En esta sociedad “líquida” actual, como la definió Bauman, en
que además de la desideologización abundan el individualismo y unas estructuras
(trabajo, familia, relaciones, compromisos) cambiantes y efímeras, no resulta
extraño que cunda la confusión y la incoherencia, hasta el punto de entregar
nuestra confianza a quienes defienden intereses contrarios de los que nos convienen.

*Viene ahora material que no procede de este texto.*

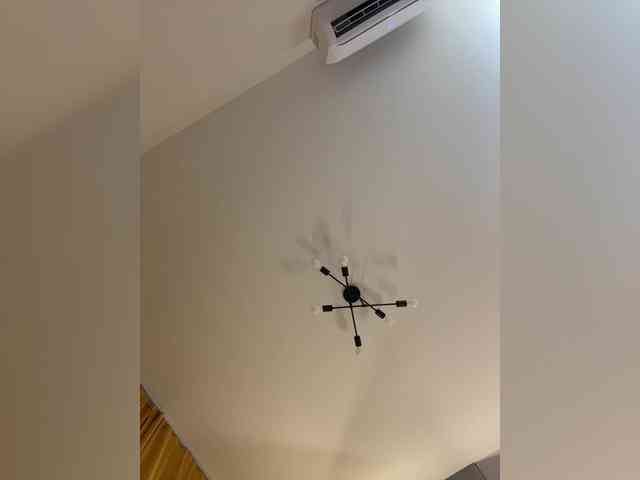 _sakura_ webcam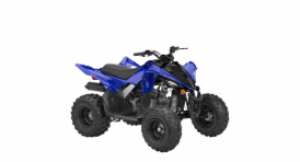 YAMAHA YFM110R 2024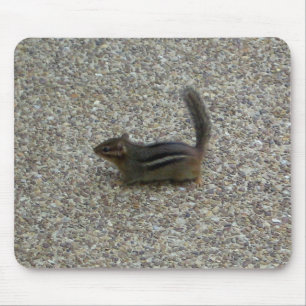 Chipmunk Mouse Pad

Y lo hacemos porque ya nada es seguro ni verdadero, como nos han hecho creer
las
fakenews y quienes las propagan, para que pongamos en duda hasta las
vacunas y la existencia de una pandemia vírica. Incluso nos han mentalizado de
que todos los partidos y los políticos son iguales, contribuyendo, así, a esa muerte
de las ideologías que tanto beneficia a los que predican las bondades de una
gestión exclusivamente económica.
Pero esta confusión y desideologización son intencionados, curiosamente tienen
motivos ideológicos y económicos precisos por parte de poderes e intereses que
se camuflan detrás de palabras, como libertad, de un significado simbólico y real
que conmueve con solo escucharlas. Se utilizan como eficaz reclamo entre
quienes, no sólo ignoran lo que costó conseguirlas, sino el hondo valor que contienen
y que se desprecia al banalizarlo. Cuando
ya ni se conoce nuestro lugar en sociedad ni importan los proyectos o las ideas
sobre la mejor manera de organizarnos colectivamente, cuando no se valora lo
que nos conviene para que el futuro que se ambiciona dependa sólo de nuestras
propias manos, caemos presos de la confusión y la manipulación. Cuando nos incapacitan
para todo juicio crítico, fundado en las causas de los hechos, nos dejamos
guiar con docilidad por los que siembran confusión y alimentan la desideologización.
Justamente, lo opuesto a la curiosidad e inquietud política y económica de
quienes sufrieron tiempos peores y más opresivos que los actuales, cuando la
libertad era la promesa de un horizonte de expansión para el espíritu humano sin
ataduras, no sólo la exigencia de un derecho a emborracharse.